This striking portion of history excites feelings both of a painful and pleasurable nature in the mind. Melancholy is the contemplation of an act of Almighty justice, so extensive and overwhelming as the deluge! Painful and humbling is the conviction, that the nature we wear has ever been so defiled by wickedness and profligacy as to require an almost universal obliteration. Was there no one but Noah to rescue man from the shame of universal depravity? none but he worthy of life, when the penalty of death was incurred by such vast numbers? Was there no

righteous person, beyond his own family, worthy to shelter with him in the ark? Behold how frail-how liable to sin, is man! how much does he require instruction, and counsel, and guidance, to preserve him in the virtuous path, and to make him the upright being his Maker designed him! Surely the best of men may not boast, though he have attained a high degree of moral excellence, for he owes it to the judicious labors of others, of his parents and instructors, that his mind has been preserved free from impurity; he owes it to the Being who observes and promotes the welfare of the upright, that he has been able to preserve his resolutions unbroken, and to flee from all unrighteousness." Be ye clothed with humility," is an apostolic injunction, which it is prudent and wise to observe. The pharasaical pride that would lead us to say, "Stand off, I am holier than thou," should never find a place in the breast of him who, if he surpass his fellows in moral and religious attainments, is still of like passions with them and liable to err. The good may rejoice that they have profited by the means of virtue which are granted to every one; but they will be humbled by the thought that, in every age of the world, many of their brethren have been wicked, and that, in one era, the world itself was defiled by universal impurity. The bad can never be proud,-for to the remorse of conscience for sin committed, will be added sorrow for having despised the counsel and reproof of those, who were anxious for their welfare.

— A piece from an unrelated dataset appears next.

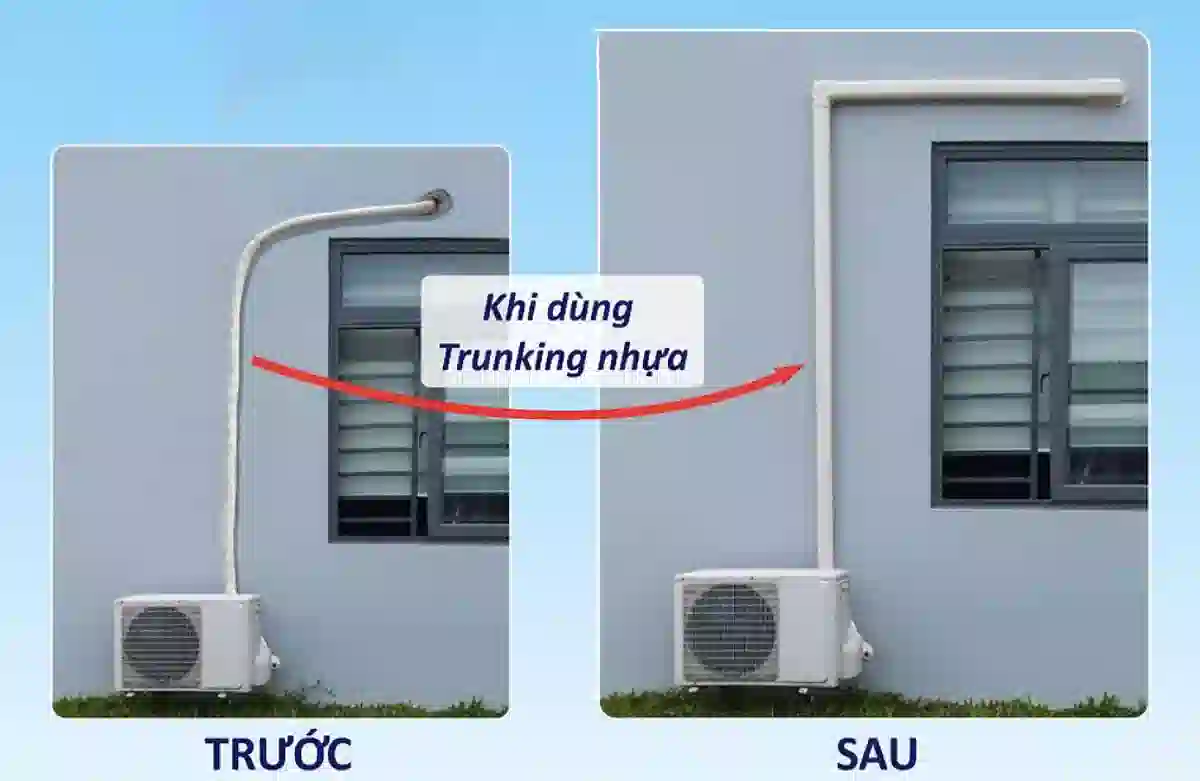 Trunking ống đồng - Giải pháp thẩm mỹ dành cho điều hòa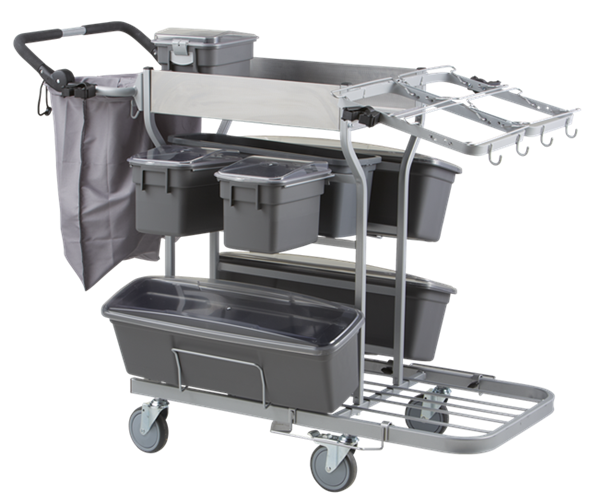 580110 Vikan Reinigungswagen, gross, 60 cm, grau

Yet mingled with the melancholy which the view of God's just judgments on the wicked induces, there is consolation

and joy from the certainty that the upright are his delight. The preservation of the righteous Noah is a grand and animating proof that human goodness is observed and loved by the Almighty. This man walked with God. He made his laws the rule of his life; he engraved them on the tablets of his heart; he moulded his disposition and habits to their dictates. His was not that unwilling and tardy obedience which fear induces. He did not presume to render to God an eye-service; but a wise and expanded zeal in the cause of his Maker, filled his soul-impelled him forward in his excellent career-and gave purity and inexpressible value to his actions. Soaring far above the grovelling train of evil men, he would not stain himself with their impurities; and if he sought their presence, it was to admonish and to warn. Such a man the Divine Being regarded with complacency. Such a man he preserved as a deserving object of favor and an example to posterity, and as a pledge that the righteous are had by him in everlasting remembrance.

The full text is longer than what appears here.